Apache POI HDGF
Open Source Java Library for Visio Diagrams
Read & Extract textual contents stored in Microsoft Visio Binary format via Free Java APIs.
Apache POI HDGF (Horrible DiaGram Format) is a pure Java implementation for Microsoft Visio binary (VSD) files. This module is young and its capabilities are limited at this time, however, it provides low-level access to the streams, chunks, and chunk commands in order to provide a way to extract the textual content from the file.
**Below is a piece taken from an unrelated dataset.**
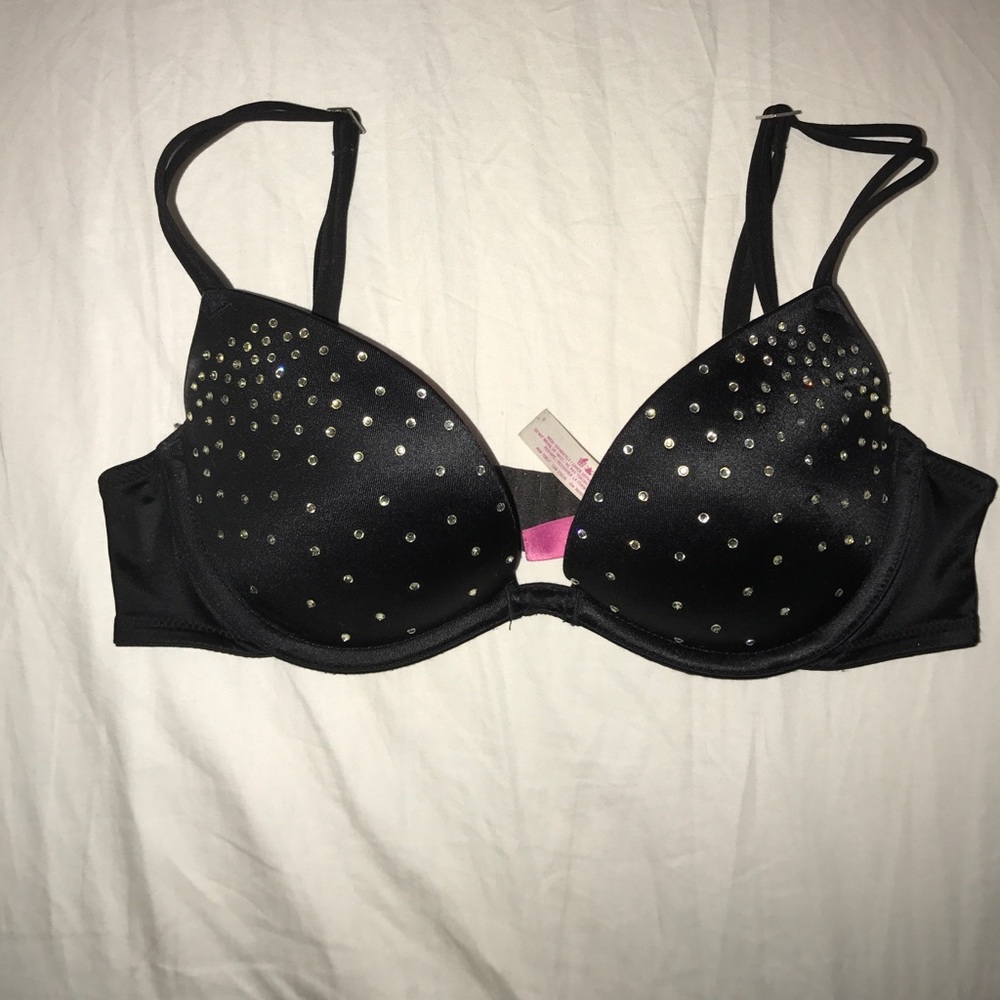Victoria's Secret heartbreaker push-up bra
Getting Started with Apache POI HDGF
First of all, you need to have the Java Development Kit (JDK) installed on your system. If you already have it then proceed to the Apache POI's download page to get the latest stable release in an archive. Extract the contents of the ZIP file in any directory from where the required libraries can be linked to your Java program. That is all!
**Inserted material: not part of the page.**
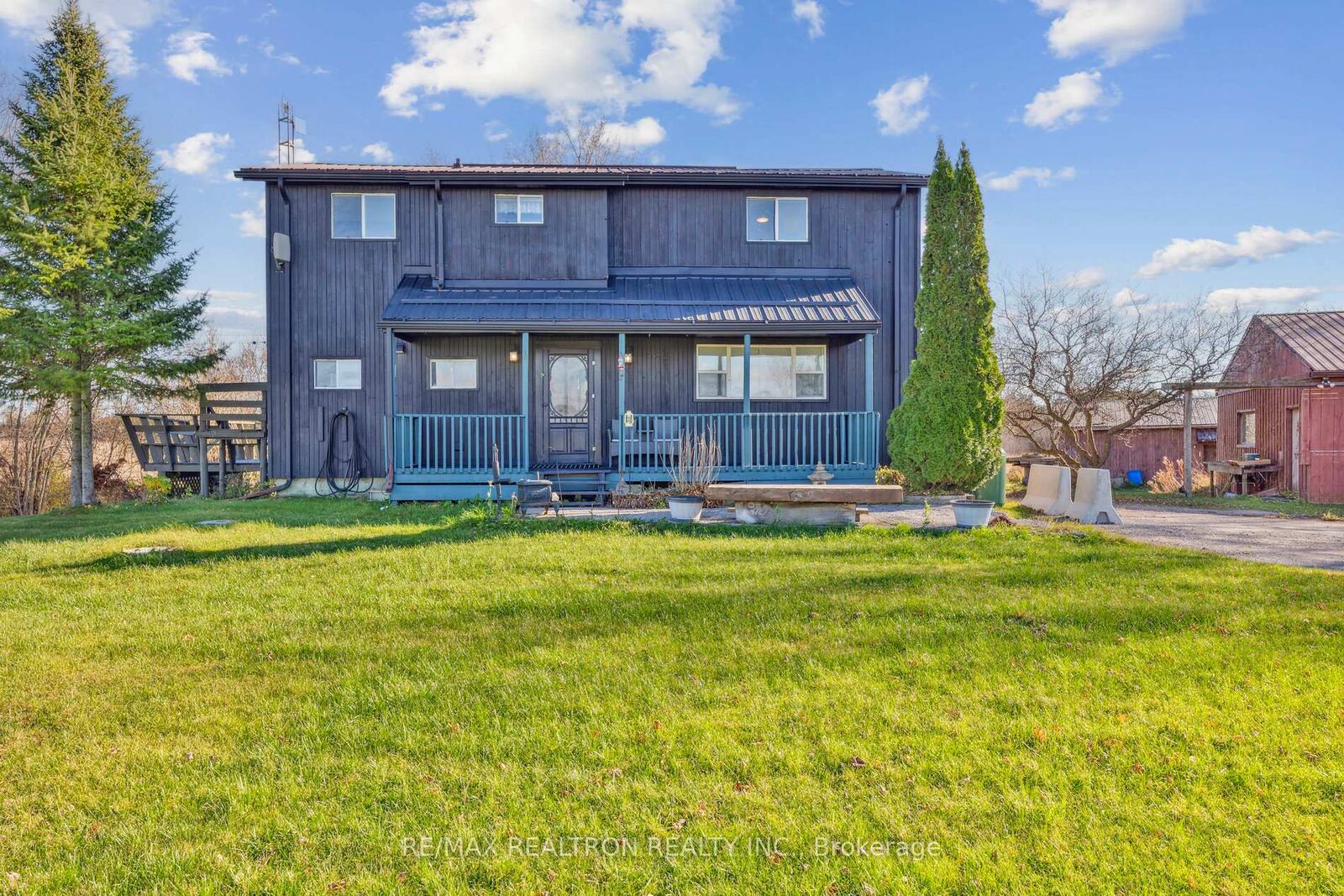 Property Photo: 152 Settlers Road ON K0L 2X0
Referencing Apache POI in your Maven-based Java project is even simpler. All you need is to add the following dependency in your pom.xml and let your IDE fetch and reference the Apache POI Jar files.
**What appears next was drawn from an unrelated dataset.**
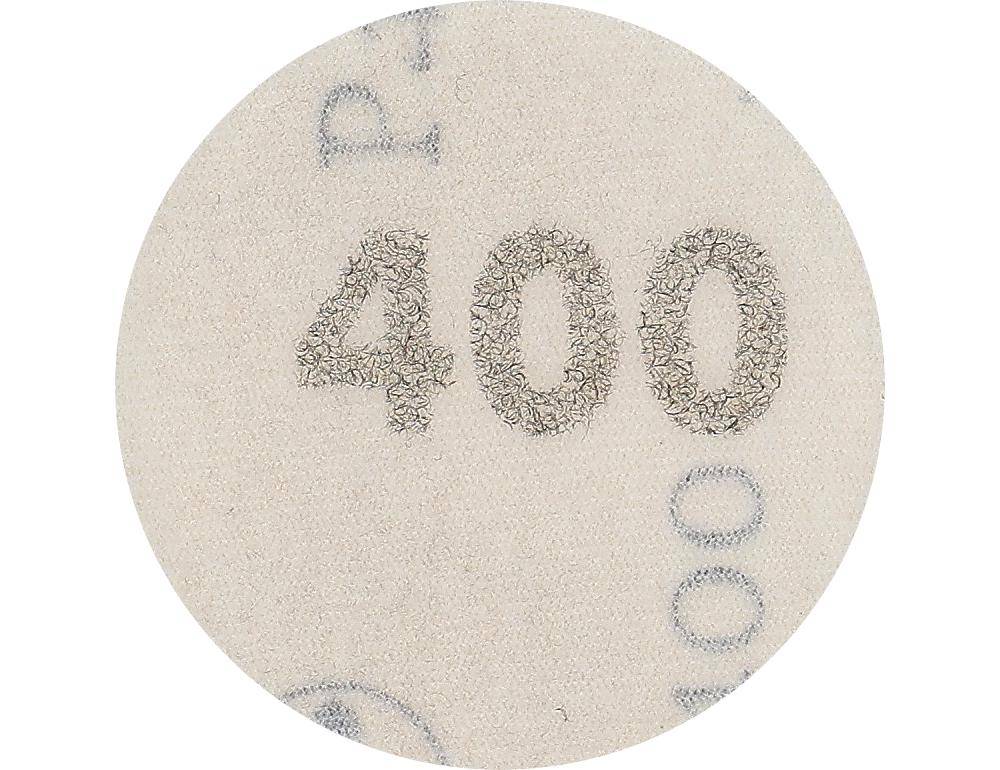 Runde Schleifpapier-Scheibe mit '400' in der Mitte gedruckt, was die Korngröße anzeigt. Die Oberfläche erscheint strukturiert für Schleifzwecke.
Apache POI Maven Dependency
<!-- https://mvnrepository.com/artifact/org.apache.poi/poi -->
<dependency>
<groupId>org.apache.poi</groupId>
<artifactId>poi-scratchpad</artifactId>
<version>4.1.0</version>
</dependency>
Extract Textual Content from Visio Diagram via Java
Apache POI HDGF has provided basic text extraction for all the project supported file formats. POI-HDGF allows software developers to extract the textual content from a Visio file. Developers need to iterate through the Visio diagram pages to cover the whole Visio diagram text. They can use VisioTextExtractor class to locate all the text entries in a Visio file and returns their contents. It Returns the textual contents of the file. Each textual object's text will be separated by a newline.
Extract Text from VSD - Java
// open VSD file
VisioTextExtractor extractor = new VisioTextExtractor(new FileInputStream("sample.vsd"));
// read text
System.out.println(extractor.getAllText());
Java APIs to Access & Read Microsoft Visio Diagrams
Apache POI-HDGF enables programmers to Access Visio documents in VSD file formats. Developers can read the contents of a Visio diagram. As the API is at a very early stage, therefore, the available features are limited at this time.